- Historic Sites
The city of his birth sent Richard Schickel off on a lifelong career. Here’s what the film critic and historian discovered when that job brought him back home.
April/May 2006 | Volume 57, Issue 2
All of this was very nice, the center of much better school trips than I had known. But I wondered … I wondered if it was possible that a waxy representation of Solomon Juneau, around whose trading post Milwaukee had slowly accreted, was still on display. I turned into a dimly lit corridor behind the ecology dioramas, and there he was, still frozen in time, as he had been when I was a boy, his wife doing chores in their little cabin, one side of which was open so we could study its pioneering primitivism, an Indian bearing some furs approaching Solomon, who eyed him in a manner neither suspicious nor particularly welcoming. Near this diorama were others showing pre-urban history: a British captain who had sailed through the Great Lakes to make a landfall here, French voyageurs , their canoes pulled up on a riverbank, treating with the Indians. It astonished me to see these childhood friends, if one may dare the word, on well-maintained display—beyond which, you will not be surprised to learn, was an “Old Milwaukee” street: fake cobblestones, slightly less than full-scale representations of nineteenth-century shops and houses. Peering in their windows, one glimpsed nineteenth-century artifacts: cookware and clothing, toys and dolls, bedsteads and sofas.
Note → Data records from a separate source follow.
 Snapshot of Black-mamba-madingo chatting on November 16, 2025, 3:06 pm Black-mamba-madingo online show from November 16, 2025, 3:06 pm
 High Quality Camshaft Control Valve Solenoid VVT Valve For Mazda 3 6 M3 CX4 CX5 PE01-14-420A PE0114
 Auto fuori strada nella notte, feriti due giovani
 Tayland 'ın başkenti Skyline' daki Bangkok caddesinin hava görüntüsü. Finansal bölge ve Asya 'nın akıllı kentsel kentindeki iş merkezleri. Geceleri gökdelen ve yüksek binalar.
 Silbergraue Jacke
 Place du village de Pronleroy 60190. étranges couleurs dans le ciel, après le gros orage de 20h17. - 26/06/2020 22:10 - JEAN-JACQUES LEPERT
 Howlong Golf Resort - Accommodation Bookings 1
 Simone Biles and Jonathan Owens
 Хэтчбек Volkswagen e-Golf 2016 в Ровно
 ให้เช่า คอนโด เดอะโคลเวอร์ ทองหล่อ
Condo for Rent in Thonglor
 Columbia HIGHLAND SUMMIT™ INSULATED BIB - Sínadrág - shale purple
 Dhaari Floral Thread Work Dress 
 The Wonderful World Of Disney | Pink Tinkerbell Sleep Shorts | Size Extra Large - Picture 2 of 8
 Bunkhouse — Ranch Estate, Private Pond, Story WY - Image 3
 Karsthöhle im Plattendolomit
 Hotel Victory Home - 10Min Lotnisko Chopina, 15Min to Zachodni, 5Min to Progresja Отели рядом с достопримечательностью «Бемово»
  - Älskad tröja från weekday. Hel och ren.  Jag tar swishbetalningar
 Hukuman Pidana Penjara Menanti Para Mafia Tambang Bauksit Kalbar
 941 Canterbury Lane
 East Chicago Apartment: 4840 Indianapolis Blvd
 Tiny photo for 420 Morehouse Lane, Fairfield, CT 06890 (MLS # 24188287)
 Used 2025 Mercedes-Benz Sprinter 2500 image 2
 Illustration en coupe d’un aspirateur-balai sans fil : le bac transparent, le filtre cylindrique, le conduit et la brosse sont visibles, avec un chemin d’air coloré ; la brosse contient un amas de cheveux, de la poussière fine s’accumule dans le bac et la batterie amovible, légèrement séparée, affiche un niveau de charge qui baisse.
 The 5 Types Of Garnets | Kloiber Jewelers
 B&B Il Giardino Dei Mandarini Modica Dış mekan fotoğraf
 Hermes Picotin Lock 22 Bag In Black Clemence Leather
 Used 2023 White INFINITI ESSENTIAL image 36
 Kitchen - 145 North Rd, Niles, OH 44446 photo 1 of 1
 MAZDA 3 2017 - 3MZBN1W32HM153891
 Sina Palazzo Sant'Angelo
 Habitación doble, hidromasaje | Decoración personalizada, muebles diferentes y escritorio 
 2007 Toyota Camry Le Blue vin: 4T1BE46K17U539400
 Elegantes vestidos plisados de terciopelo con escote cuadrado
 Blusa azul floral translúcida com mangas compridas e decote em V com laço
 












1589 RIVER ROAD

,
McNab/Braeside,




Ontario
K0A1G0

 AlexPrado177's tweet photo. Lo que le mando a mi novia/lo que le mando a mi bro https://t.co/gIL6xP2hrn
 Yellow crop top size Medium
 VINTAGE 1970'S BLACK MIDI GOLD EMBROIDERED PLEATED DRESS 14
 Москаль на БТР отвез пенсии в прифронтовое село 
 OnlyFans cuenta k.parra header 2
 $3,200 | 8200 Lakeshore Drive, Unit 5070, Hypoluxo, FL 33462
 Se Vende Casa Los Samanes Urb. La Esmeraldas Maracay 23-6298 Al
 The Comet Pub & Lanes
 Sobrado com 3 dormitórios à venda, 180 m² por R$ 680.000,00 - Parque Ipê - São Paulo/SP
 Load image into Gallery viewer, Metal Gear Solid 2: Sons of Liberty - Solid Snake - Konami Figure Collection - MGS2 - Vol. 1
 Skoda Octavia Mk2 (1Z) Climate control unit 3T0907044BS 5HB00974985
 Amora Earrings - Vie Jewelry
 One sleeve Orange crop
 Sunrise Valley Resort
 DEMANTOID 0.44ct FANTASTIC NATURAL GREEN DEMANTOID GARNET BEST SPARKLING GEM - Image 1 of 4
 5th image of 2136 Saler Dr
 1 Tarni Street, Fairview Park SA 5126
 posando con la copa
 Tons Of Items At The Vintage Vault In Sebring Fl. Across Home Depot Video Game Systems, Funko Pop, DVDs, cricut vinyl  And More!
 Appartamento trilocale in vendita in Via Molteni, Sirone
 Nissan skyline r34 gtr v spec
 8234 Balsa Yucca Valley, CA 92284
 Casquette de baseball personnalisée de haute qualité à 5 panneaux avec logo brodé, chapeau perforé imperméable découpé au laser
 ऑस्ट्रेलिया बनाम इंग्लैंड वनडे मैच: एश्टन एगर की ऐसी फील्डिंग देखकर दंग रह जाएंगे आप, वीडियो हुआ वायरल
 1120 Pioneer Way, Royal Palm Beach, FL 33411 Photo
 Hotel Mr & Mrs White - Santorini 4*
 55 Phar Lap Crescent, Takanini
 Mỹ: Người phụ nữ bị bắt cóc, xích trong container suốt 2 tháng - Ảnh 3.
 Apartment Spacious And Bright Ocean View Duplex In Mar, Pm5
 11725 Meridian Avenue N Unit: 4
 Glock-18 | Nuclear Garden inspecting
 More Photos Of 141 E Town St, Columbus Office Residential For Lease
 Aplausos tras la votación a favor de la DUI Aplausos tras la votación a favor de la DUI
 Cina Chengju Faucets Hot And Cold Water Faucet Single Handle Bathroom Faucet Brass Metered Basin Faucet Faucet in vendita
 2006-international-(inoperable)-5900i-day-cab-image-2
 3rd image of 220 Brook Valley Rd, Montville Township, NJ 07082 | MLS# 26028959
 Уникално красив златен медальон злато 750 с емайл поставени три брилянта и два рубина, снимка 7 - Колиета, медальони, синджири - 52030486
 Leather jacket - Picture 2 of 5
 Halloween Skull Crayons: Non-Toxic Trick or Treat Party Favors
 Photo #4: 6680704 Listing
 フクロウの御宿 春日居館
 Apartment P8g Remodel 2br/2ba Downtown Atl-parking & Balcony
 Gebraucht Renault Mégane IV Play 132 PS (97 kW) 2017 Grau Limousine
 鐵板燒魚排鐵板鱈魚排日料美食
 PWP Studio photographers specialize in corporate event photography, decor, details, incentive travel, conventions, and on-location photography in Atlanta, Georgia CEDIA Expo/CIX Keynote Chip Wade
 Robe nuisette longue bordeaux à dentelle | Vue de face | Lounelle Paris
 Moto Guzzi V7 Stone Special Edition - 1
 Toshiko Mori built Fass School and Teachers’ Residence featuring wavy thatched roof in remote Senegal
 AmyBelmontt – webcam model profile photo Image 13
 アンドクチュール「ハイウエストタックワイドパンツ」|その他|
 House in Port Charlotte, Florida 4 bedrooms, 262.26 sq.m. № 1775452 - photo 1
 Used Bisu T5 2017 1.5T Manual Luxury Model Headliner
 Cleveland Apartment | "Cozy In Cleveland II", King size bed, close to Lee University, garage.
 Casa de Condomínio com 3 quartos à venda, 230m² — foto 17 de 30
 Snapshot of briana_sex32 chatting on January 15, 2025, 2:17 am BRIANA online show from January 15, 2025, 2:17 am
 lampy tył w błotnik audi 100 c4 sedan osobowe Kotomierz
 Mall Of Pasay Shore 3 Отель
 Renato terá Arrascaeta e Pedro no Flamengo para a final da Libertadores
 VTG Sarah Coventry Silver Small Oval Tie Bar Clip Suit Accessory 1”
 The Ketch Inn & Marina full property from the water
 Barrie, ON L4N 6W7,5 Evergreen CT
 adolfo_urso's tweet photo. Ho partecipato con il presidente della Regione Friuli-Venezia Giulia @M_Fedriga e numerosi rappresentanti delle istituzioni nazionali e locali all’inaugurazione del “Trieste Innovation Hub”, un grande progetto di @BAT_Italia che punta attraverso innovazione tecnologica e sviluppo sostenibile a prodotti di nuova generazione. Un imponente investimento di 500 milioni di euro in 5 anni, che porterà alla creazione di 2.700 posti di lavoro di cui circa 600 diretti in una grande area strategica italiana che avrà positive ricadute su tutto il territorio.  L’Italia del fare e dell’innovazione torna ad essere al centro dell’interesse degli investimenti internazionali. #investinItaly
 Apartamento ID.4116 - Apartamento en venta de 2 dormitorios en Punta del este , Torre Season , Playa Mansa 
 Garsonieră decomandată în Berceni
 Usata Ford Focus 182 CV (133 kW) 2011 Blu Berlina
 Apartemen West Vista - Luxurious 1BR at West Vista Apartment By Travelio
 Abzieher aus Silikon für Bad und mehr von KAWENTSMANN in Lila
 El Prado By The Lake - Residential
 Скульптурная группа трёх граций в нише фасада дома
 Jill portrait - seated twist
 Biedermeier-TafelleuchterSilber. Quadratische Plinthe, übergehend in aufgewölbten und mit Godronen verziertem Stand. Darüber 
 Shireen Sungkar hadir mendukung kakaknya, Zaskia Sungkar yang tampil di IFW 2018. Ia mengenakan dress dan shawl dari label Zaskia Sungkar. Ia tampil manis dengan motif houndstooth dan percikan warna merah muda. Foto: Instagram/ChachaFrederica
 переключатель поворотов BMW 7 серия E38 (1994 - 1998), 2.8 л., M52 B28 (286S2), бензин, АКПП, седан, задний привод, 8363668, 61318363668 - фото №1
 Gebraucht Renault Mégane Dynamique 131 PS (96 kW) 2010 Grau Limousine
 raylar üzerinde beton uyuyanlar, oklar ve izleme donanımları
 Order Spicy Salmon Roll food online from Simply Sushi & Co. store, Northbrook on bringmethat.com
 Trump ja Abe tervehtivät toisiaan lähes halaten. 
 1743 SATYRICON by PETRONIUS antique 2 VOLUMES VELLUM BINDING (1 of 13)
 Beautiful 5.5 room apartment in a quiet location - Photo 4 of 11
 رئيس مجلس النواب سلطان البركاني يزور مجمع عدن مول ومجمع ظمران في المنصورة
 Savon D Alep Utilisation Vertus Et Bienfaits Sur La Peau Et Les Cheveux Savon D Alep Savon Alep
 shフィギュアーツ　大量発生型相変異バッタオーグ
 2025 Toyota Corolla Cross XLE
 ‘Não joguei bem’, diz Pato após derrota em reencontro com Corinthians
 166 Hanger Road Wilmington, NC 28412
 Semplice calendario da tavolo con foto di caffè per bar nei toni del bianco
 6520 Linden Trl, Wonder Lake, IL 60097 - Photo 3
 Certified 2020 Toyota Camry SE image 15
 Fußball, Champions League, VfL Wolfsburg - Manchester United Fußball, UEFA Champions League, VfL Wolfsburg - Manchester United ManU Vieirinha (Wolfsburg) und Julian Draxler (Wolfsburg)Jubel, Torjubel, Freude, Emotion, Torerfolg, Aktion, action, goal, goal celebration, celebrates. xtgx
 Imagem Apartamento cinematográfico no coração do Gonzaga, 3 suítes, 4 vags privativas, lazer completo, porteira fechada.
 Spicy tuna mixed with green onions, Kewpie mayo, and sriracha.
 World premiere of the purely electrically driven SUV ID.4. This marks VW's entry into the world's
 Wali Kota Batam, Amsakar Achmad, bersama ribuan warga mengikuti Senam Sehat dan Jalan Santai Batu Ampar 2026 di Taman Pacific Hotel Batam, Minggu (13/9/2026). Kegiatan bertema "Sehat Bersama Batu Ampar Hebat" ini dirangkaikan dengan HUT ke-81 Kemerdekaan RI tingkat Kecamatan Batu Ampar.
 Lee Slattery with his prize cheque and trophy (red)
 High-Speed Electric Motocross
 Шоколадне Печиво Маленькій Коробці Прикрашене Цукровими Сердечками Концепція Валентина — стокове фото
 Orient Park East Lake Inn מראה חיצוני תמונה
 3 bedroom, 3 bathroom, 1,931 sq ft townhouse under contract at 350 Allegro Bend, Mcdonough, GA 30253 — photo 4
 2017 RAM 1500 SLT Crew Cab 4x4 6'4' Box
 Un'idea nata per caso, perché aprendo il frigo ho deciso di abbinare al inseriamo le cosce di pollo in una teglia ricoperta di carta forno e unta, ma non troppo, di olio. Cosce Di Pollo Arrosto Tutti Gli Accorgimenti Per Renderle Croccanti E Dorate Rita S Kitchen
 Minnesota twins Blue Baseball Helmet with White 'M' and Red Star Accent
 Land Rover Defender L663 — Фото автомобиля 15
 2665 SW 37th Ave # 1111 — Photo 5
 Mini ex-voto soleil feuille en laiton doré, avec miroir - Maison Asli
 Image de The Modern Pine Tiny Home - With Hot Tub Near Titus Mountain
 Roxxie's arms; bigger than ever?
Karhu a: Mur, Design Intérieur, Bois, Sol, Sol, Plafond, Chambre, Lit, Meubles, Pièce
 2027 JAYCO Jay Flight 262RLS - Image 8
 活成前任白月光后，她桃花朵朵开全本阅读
I don’t recall that street; it must be a later addition to the museum. But I wonder what a modern kid, used to the interactivity of contemporary museology, makes of that stasis? Does it stir his imagination, as once Solomon Juneau, in his enigmatic silence, did mine? Or is it one of those mysteries with which childhood is filled, something grownups think is good and to which one must assent, lest he be judged, as my father judged some friends of my childhood, “an odd duck” and not lovable in the way in which that much odder duck, Gertie, was?
Walking back to the Pfister along Wisconsin Avenue, past the faux skyscraper—just 21 floors—where once my father kept his office, I wonder how long Milwaukee, or any city like it, can sustain the kind of living relationship with the past that I’ve seen today. I’m not particularly talking about repurposed buildings now. That sort of reconstruction is fashionable everywhere (a friend of mine, an architect, recently told me of a deconsecrated cathedral in Europe that has been converted into an art gallery). I’m talking about the fact that modernism is, at the popular level, a homogenizing force. We all live today under the United Colors of Benetton. We may have, as Milwaukee annually has, a Circus Days parade, in which the old horse-drawn wagons rumble through the streets, calliope sounding. We may still happily tour the Harley-Davidson factory (imagine the historic home of the transgressive Hawg being in conservative Milwaukee). But these are rather idle exercises in nostalgia. I can’t believe they resonate deeply with the average local.
One night I was taken for dinner to the old Third Ward, which like nearly every former produce district in every American city, has been turned into a yuppie haven, all bistros and boutiques, but with the nineteenth-century buildings intact. I asked my hosts, old high school friends, how they would characterize the city, now that the breweries were mostly gone and the factories were mostly in decline, and they were somewhat at a loss. They guessed that noisy young people around us were employed in the service industries. Northwestern Mutual now occupies three vast buildings; the First Wisconsin National Bank has mutated into U.S. Bancorp, which is truly a national bank (with a skyscraper headquarters matching its aspirations); Midwest Airlines, a relatively new entity, has a spanking-new home office on Wisconsin Avenue. Information-age start-ups are everywhere. But their employees, at play, strike me as distressingly typical of their generation everywhere. They are of the higher clerkship, the modern equivalent of those glum and sweaty Polish factory workers of yore, though they are, of course, edgy and sweatless. They do not exude local character. You could plunk them down in a dozen other cities and I suspect they’d feel right at home.
Like my hometown, all the cities—Pittsburgh, Detroit, Cleveland, Buffalo, St. Louis—are losing population and jobs, some of them at rates much steeper than those of Milwaukee, which lost about 6 percent of its population between the last two censuses and has an unemployment rate almost double the national average. Driving around the city, I saw huge neighborhoods that had once been tidily working class manifestly turning into slums. It’s true the suburb where I grew up, Wauwatosa, is preserved in amber. I checked, and the house I lived in and the houses of all my friends are still there, and as well kept as they were 50 to 60 years ago. Something like two-thirds of the metro area’s 1.7 million inhabitants no longer live within the city’s borders, though as I talked to my high school friends, it became clear to me that they are the contributors (and board members) who keep the downtown cultural center up and running. It is a new form of boosterism, and if they have to bring Doc Severinsen in to lead the Pops concerts series at the symphony, that’s all right with them. I am my mother’s son; it’s better—a lot better—than nothing.
Moreover, I think these institutions are sustainable. They have their deficits, I’m sure, but they also have their constituencies, and you can move a ball club more easily than you can a repertory theater or an orchestra.